More new homes still aren’t enough to ease inventory woesby Marcie Geffner
Homebuilders have stepped up production of for-sale houses, but in a cautious and measured way that might not be enough to ease supply constraints in some markets, judging by recent reports from the National Association of Home Builders (NAHB) and the U.S. Census Bureau.
The NAHB reported that homebuilding nationwide declined 9.8 percent to 999,000 units in December. That figure is seasonally adjusted to account for the slower pace of construction in winter and annualized to represent how many homes would be completed if the monthly pace continued for a year.
NAHB Chief Economist David Crowe said in a statement that 2013 was a good year for home building as production was up 18 percent compared with 2012.

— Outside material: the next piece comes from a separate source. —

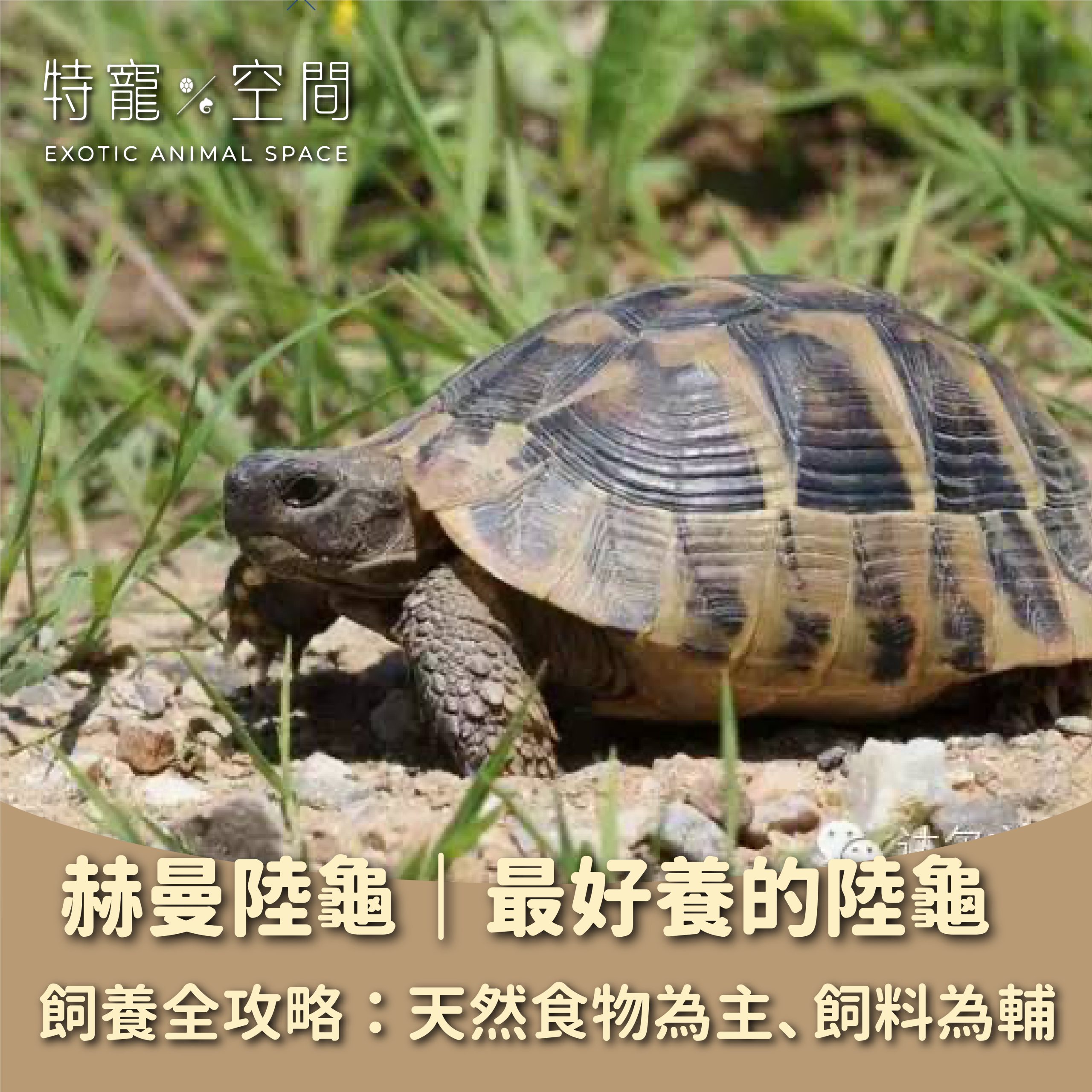 赫曼陸龜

Permits, completions pause
The U.S. Census Bureau reported that builders obtained new permits at a seasonally adjusted and annualized pace of 986,000 housing units in December. That pace was 3 percent lower than the revised November rate of slightly more than 1 million, but 4.6 percent higher than the December 2012 estimate of 943,000.
The seasonally adjusted annualized pace of housing completions in December stood at 744,000 units, a 10.8 percent drop compared with the revised November estimate of 834,000, the Census Bureau reported.
The Census Bureau numbers include permits for both single-family and multifamily housing units.
Slow construction squeeze
Lawrence Yun, chief economist at the National Association of Realtors, has said repeatedly that the slow pace of construction is squeezing post-recession housing markets.
“Home sales are hurt by higher mortgage interest rates, constrained inventory and continuing tight credit,” Yun said in a NAR statement. “There is a pent-up demand for both rental and owner-occupied housing as household formation will inevitably burst out, but the bottleneck is in limited housing supply, due to the slow recovery in new home construction.”
Supply constraints put upward pressure on home sales prices and rents at the end of 2013. Both prices and rents rose last year at a faster pace than had been seen in several prior years, Yun added.
More new construction could be good news for buyers in some areas, though pickings might still remain slim for some time.